As exportações brasileiras de carne suína (considerando todos os produtos, entre in natura e processados) totalizaram 137,1 mil toneladas em junho, de acordo com a Associação Brasileira de Proteína Animal (ABPA). O resultado foi 28% superior ao embarcado no mesmo período do ano passado, que foi de 107,1 mil toneladas. Trata-se do segundo maior volume mensal já registrado na história do setor. O Rio Grande do Sul, como um dos maiores produtores do país, contribuiu significativamente para esse avanço.
O crescimento foi ainda mais expressivo em termos de receita. Ao todo, foram registrados US$ 341,6 milhões em junho deste ano, um valor 45,2% superior ao alcançado no mesmo mês de 2024, que foi de US$ 235,3 milhões. O saldo obtido em junho de 2025 é o maior já registrado na história do setor. No acumulado do semestre, as exportações chegaram a 722 mil toneladas, volume 17,6% superior ao embarcado entre janeiro e junho de 2024, que totalizou 613,7 mil toneladas. Em receita, o aumento foi de 32,6%, com um total de US$ 1,723 bilhão, em comparação aos US$ 1,300 bilhão obtidos no mesmo período do ano anterior.

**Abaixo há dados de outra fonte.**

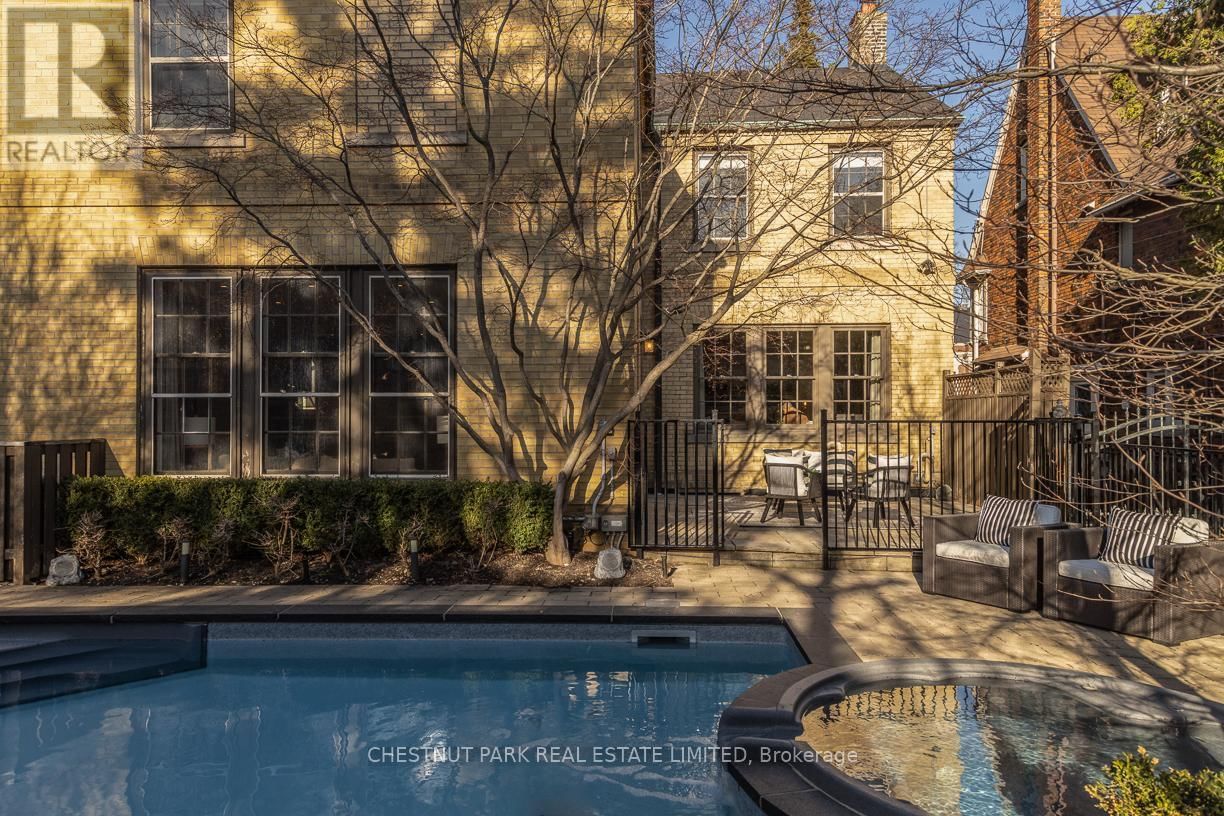 406 GLENAYR ROAD Image 34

Durante entrevista à Rádio Uirapuru, o presidente da Associação dos Criadores de Suínos do RS (ACSRS), Valdecir Folador, destacou como o estado tem vivenciado esse momento positivo e quais são os objetivos para o segundo semestre de 2025. Ele explicou que o Rio Grande do Sul ocupa a terceira colocação na produção de suínos no Brasil e é o segundo maior exportador, o que valoriza ainda mais o trabalho dos produtores gaúchos, reconhecido pela qualidade dos suínos produzidos.
Folador também apontou como fator relevante a relação entre oferta e demanda no mercado internacional. Segundo ele, a Europa, segunda maior produtora mundial, enfrenta diversos problemas sanitários e surtos de doenças, o que dificulta o acesso a mercados e a manutenção dos já conquistados. Diante disso, outros países acabam recorrendo ao Brasil, devido à qualidade da carne suína nacional.
Principal destino das exportações brasileiras em junho, as Filipinas importaram 33,8 mil toneladas, volume 141,1% superior ao registrado no mesmo período do ano passado. Na sequência, aparecem a China, com 15,4 mil toneladas; o Japão, com 12,8 mil toneladas; o Chile, com 11,3 mil toneladas; e Singapura, com 9,1 mil toneladas. Valdecir Folador concluiu destacando que as expectativas para os próximos meses seguem positivas, diante do excelente cenário atual.